-- WHAT IS REQUIRED --
Output every line from the beginning of the records through the line that contains "Calvin Klein Чехли V3A0-83268-1367", exactly as it appears.

[Dataset entries]
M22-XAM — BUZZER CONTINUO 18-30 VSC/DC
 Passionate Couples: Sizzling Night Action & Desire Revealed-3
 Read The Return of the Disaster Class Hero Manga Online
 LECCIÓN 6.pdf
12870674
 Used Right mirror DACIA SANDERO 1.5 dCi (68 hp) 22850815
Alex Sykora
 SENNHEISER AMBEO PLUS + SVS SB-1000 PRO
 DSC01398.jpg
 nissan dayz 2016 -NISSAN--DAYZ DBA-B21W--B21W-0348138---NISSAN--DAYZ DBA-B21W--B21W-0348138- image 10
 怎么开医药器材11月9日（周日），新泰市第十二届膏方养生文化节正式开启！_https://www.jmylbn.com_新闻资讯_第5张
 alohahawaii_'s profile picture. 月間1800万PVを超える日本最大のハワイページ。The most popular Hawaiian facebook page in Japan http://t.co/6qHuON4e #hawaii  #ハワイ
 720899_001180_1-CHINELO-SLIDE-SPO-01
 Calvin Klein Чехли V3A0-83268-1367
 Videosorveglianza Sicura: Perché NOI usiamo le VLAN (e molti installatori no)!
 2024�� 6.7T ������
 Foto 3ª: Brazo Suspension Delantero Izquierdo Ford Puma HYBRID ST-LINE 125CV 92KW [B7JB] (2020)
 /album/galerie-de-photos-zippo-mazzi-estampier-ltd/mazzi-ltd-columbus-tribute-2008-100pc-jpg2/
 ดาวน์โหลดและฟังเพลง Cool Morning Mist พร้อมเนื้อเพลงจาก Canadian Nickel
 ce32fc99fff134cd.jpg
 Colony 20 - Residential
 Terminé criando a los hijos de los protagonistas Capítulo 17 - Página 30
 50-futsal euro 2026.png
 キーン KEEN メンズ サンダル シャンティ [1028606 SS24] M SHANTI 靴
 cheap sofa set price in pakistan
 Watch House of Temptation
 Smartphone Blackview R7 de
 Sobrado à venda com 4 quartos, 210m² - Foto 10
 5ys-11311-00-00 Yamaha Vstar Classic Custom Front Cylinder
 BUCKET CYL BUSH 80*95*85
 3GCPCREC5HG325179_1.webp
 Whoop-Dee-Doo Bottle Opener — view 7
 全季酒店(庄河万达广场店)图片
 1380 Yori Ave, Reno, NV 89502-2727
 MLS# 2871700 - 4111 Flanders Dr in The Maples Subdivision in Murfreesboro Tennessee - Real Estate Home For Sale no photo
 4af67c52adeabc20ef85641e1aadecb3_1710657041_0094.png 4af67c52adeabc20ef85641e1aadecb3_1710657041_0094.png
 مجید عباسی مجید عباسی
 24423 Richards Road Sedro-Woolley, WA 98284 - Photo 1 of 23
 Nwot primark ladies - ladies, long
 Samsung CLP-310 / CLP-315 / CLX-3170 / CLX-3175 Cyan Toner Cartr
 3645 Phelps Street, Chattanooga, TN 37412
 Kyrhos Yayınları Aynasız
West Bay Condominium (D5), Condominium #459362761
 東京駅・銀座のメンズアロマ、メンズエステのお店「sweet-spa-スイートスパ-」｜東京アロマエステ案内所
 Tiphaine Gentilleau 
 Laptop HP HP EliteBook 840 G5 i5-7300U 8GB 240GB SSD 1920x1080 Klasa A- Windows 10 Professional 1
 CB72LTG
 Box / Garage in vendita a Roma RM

-- RESULT --
M22-XAM — BUZZER CONTINUO 18-30 VSC/DC
 Passionate Couples: Sizzling Night Action & Desire Revealed-3
 Read The Return of the Disaster Class Hero Manga Online
 LECCIÓN 6.pdf
12870674
 Used Right mirror DACIA SANDERO 1.5 dCi (68 hp) 22850815
Alex Sykora
 SENNHEISER AMBEO PLUS + SVS SB-1000 PRO
 DSC01398.jpg
 nissan dayz 2016 -NISSAN--DAYZ DBA-B21W--B21W-0348138---NISSAN--DAYZ DBA-B21W--B21W-0348138- image 10
 怎么开医药器材11月9日（周日），新泰市第十二届膏方养生文化节正式开启！_https://www.jmylbn.com_新闻资讯_第5张
 alohahawaii_'s profile picture. 月間1800万PVを超える日本最大のハワイページ。The most popular Hawaiian facebook page in Japan http://t.co/6qHuON4e #hawaii  #ハワイ
 720899_001180_1-CHINELO-SLIDE-SPO-01
 Calvin Klein Чехли V3A0-83268-1367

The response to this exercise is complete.